We know we need two numbers which have a product of five as this is the only way that we can generate our constant of five in the expression.

Looking at factor pairs of five.

We could only use the numbers one and five as five is a prime number.

So let's try this.

If we choose two x plus five and x plus one, this would give us two x squared, plus five x, plus two x, plus five.

However, when we add our like terms together, we get seven x and not 11x.

So this combination will not work.

Let's try it the other way round.

So if we multiply these two, we would get two x squared, plus x, plus 10x, plus five.

That would give us a total of 11x, which means that when we factorise this, we should get two x plus one all multiplied by x plus five.

Let's try another example.

This time we're looking for two numbers which have a product of 15.

So factor pairs of 15 will give us one and 15, or we could also use three and five.

So if we choose one and 15, this combination would give us two x squared plus x plus 30x plus 15.

However, when we simplify this, we will get 31x and not 13x.

So this combination is not going to work.

Let's try it the other way around.

So if we use this combination, we would get two x squared, plus 15x, plus two x, plus 15.

However, again, when we simplify, we do not get 13x, this time we would get 17x.

So one and 15 will not be suitable for this example.

Let's try three and five.

So if we try it in this order, we would get two x squared plus five x plus six x plus 15.

However, once again, we don't get 13x when we simplify.

Let's move the constant.

If we expand in this order, we would get two x squared, plus three x, plus 10x, plus 15.

And as we can see, we now have a sum of 13x.

So this means that our expression is equivalent to two x plus three all multiplied by x plus five.

Here's a question for you to try.

Pause the video to complete your task and resume once you're finished.

And here is the solution.

So when we look, we needed two numbers which have a product of 15, and we need to make a sum of 11x.

So that meant that our final answer was two x plus five multiplied by x plus three.

Here's another question for you to try.

Pause the video to complete your task, and resume once you're finished.

And here is your next solution.

So again, we needed two numbers with a product of 10, but we needed to generate 17x with our sum when collecting our like terms. So that meant our final answer was three x plus two and x plus five.

Our next example involves negative numbers.

In this case, we're going to need two numbers which have a product of negative three.

So let's have a look at the factor pairs for negative three.

We could choose negative one and three, or we could choose positive one and negative three.

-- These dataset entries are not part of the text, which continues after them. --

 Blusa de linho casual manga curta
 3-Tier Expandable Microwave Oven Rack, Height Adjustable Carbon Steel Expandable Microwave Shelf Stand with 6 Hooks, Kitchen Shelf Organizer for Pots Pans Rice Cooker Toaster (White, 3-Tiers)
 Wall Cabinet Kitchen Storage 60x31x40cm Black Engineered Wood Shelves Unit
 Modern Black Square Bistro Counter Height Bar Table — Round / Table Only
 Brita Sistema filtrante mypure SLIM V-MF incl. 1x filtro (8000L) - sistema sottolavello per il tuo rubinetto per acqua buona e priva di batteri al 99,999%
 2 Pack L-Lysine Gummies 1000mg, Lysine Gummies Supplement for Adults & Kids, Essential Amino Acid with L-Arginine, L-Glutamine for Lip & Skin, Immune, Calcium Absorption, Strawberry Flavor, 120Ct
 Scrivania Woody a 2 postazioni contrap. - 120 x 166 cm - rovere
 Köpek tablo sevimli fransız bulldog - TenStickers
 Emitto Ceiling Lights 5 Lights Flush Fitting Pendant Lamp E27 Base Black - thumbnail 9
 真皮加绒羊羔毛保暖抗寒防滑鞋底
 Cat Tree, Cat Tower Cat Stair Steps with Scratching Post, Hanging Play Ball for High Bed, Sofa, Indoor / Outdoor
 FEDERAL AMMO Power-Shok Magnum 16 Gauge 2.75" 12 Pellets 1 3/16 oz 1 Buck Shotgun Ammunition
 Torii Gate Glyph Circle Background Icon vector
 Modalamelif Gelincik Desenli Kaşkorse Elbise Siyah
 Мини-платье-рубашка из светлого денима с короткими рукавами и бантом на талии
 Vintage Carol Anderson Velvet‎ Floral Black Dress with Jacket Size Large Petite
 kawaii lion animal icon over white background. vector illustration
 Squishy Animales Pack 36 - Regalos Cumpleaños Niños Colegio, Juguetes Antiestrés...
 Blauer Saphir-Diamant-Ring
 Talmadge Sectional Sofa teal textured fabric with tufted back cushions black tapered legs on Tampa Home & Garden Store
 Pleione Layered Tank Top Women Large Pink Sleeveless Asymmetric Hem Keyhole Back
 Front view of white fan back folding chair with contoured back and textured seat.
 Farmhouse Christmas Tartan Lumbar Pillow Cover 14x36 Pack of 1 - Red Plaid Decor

Let's try negative one and three.

So if we use them in this order, we would get two x squared minus x, plus six x, minus three.

However, when we simplify this, we would get five x and not minus x, which is what we want.

So this combination will not work.

Let's switch the numbers.

If we expand this way, we would get two x squared, plus three x, minus two x, minus three.

But again, this will give us a sum of one x, and we need negative x or negative one x.

This means that negative one and three are not the pair of constants that we need to use.

Let's try one and negative three.

So if we try one and negative three, when we expand we would get two x squared, plus x, minus six x, minus three.

However, when we simplify this, we would get two x squared, minus five x, minus three, which is not what we want as we need negative one x.

Lets switch the numbers one more time.

If we expand this where we would get two x squared, minus three x, plus two x, minus three, and we can see there that we also get a sum of negative one x.

So this is our correct answer.

Here's some questions for you to try.

Pause the video to complete your task, and resume once you're finished.

So if we look at part e when we factorise this we should get three x, minus one, multiplied by x plus two.

As we can see in the grid below.

And for part f we should get five x plus two, and x minus seven as our final response.

Here's another question for you to try.

Pause the video to complete your task, and resume once you're finished And here is the solution.

So looking into this question, we could have looked for some clues.

So for example, with the last expression on the left, six x plus one, multiplied by two x plus three.

This would have to have a constant of three when we expand it, which leaves us with only one option on the right hand side.

Pause the video to complete your task, and resume once you're finished.

And this is our solution.

So when we look at this, Ashraf is actually wrong because six x could also be generated by multiplying three x by two x.

And then if we use a multiplication grid, you would discover that when we factorise this, we actually get three x plus one, and two x plus five.

And that brings us nicely to the end of our lesson.

I hope you've enjoyed it.

Hopefully see you soon.